— Material for the task —
· · · ·

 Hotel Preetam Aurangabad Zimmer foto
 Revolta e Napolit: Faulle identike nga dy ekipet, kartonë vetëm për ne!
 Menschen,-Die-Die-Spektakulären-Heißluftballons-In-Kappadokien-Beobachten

· · · ·

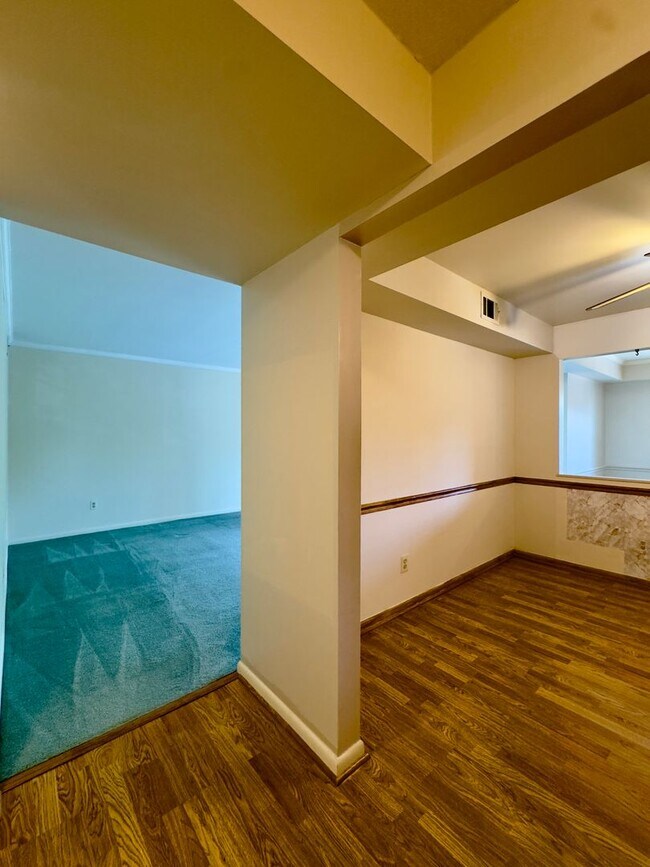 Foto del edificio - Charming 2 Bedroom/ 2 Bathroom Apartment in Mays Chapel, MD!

· · · ·

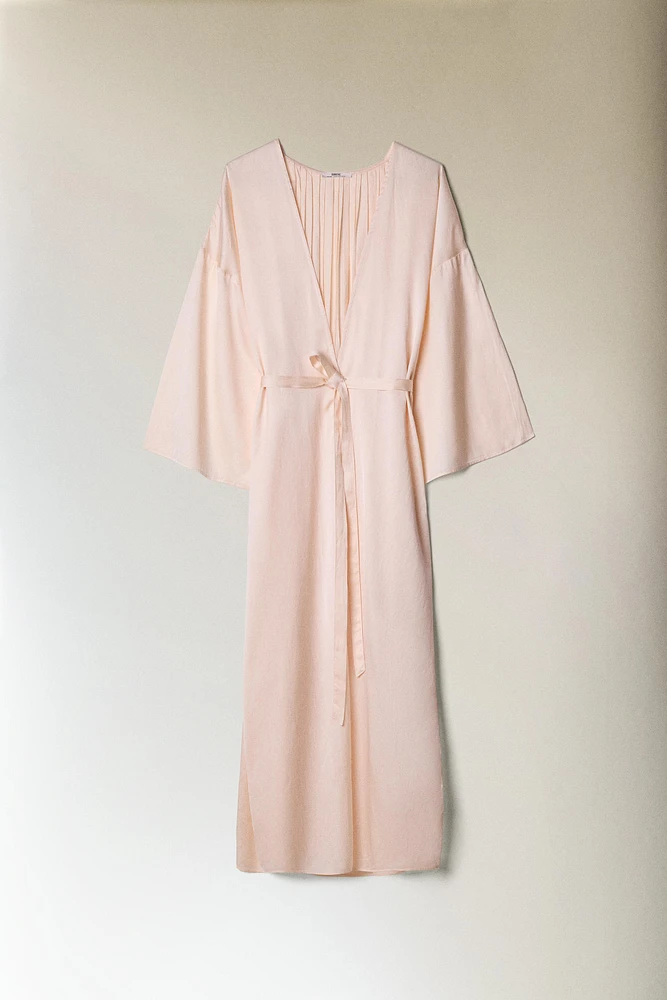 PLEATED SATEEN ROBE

· · · ·

— Exercise instructions —
An exact copy of the lines above between the line holding "Hotel Preetam Aurangabad Zimmer foto" and the line holding "Menschen,-Die-Die-Sp", inclusive, is the whole answer.

— Task answer —
 Hotel Preetam Aurangabad Zimmer foto
 Revolta e Napolit: Faulle identike nga dy ekipet, kartonë vetëm për ne!
 Menschen,-Die-Die-Spektakulären-Heißluftballons-In-Kappadokien-Beobachten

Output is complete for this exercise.